RICHMONDVILLE -- It's been almost seven years since Tropical Storm Irene devastated Schoharie County, but thanks to state grant funding a $9.8 million project to restore some of the community's lost housing capacity broke ground on Thursday.
The project, dubbed Candlewood Court I & II, comprises two 20-unit 23,600 square foot apartment buildings aimed at families earning 80 percent of the area median income and below. The buildings are at 347 Main St. and are being built by non-profit developer Housing Visions Construction Co., which will own and manage the apartments.
Mayor Kevin Nearing spoke before the official groundbreaking. He said Candlewood Court presents an opportunity for his village and for Schoharie County. Nearing said he used to work in the New York state Office of Emergency Management, so when Irene happened he knew what some of the challenges would be.
"The thing that was consistent, in every emergency I worked in, is housing, and that's always our challenge following a storm," he said.
Nearing said it was officials from the Schoharie Reformed Church who first approached him with the possibility of Housing Visions Construction Co. coming in and developing an affordable housing project using state money allocated to help Schoharie County recover from the natural disaster.
"We had a lot of houses that were flooded. We probably had 10 that were flooded in our community, but not to the severity of the [village of] Schoharie. We had a major culvert failure on Main Street, but most of our damages were confined to the low-lying areas. We didn't lose a lot of houses, but Schoharie did," Nearing said. "I think the original idea was to put a project over either in Schoharie or Middleburgh, but they couldn't find the land, so Richmondville was the other choice. They came over and talked to us about it. It's still for displaced residents of Schoharie County."
Nearing said he's hopeful the affordable pricing for rent for the buildings will help enable more seniors to remain residents of Richmondville.
"It's going to improve our housing stock in Richmondville. It's a great project for our community, it's going to help with our growth and bring good residents here. I would say our population has been down a little bit, but not because of the hurricane, it's just people move out of here," he said. "There aren't a lot of housing options in Schoharie County, so when people retire they want to sell their houses and they want to downsize and they end up moving to other communities. That's why we're happy this project is here, because we're hoping those residents reside in our community in this project that's here."
Ben Lockwood, Housing Visions vice president of business development, said the building project emerged from an organization called Schoharie Area Long Term Recovery, which approached his company and helped advocate for the funding needed to make it happen.
Lockwood said the money for Candlewood Court breaks down like this:
• $2.1 million loan from the Community Preservation Corp.
• $7.5 million grant from the New York state Small Project Affordable Rental Construction Program, aimed at rebuilding and repairing housing stock destroyed by natural disasters.
• $200,000 in equity from Housing Visions Construction Co.

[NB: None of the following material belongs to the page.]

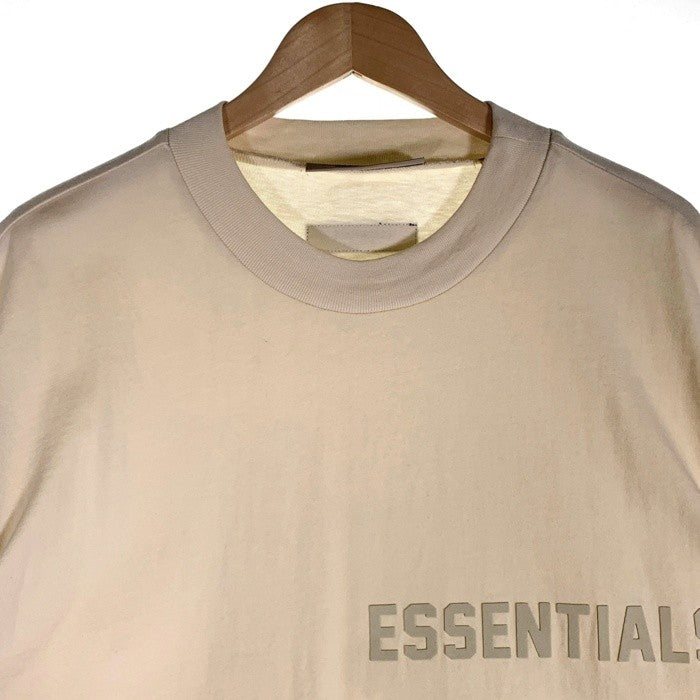 FOG ESSENTIALS エッセンシャルズ 半袖Tシャツ ナチュラル Size XS 福生店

Lockwood said his company was originally formed as a nonprofit development corporation to help stabilize a declining neighborhood in the Syracuse area in 1990. Since then, Housing Visions has built projects in 15 cities, creating about 1,600 units of income-based affordable housing.
"We currently have four projects that are under construction and another two that will kick off late this year and early next year," Lockwood said. "We're slated for [Candlewood Court to open] in February, but we're hoping we can finish by the new year."
Each of the two Candlewood Court apartment buildings have 12 one-bedroom units, 5 two-bedroom units and 3 three-bedroom units. Some units will also be Americans with Disabilities Act compliant, enabling wheelchair access.
Village resident Philip Butler attended the groundbreaking ceremony. Butler said he was a vocal proponent of the housing project.
"Most people who support these projects don't show up, they just stay home and say 'Oh, I'd really like to see that' and the ones that don't want to see it, those are the voices you hear," he said. "I was born and raised here, worked overseas for the Army Corps of Engineers for 40 years and retired here. I own my house here, I rent out part of it. I think when the time comes, when I can't climb up these stairs anymore, this is where I'd want to be."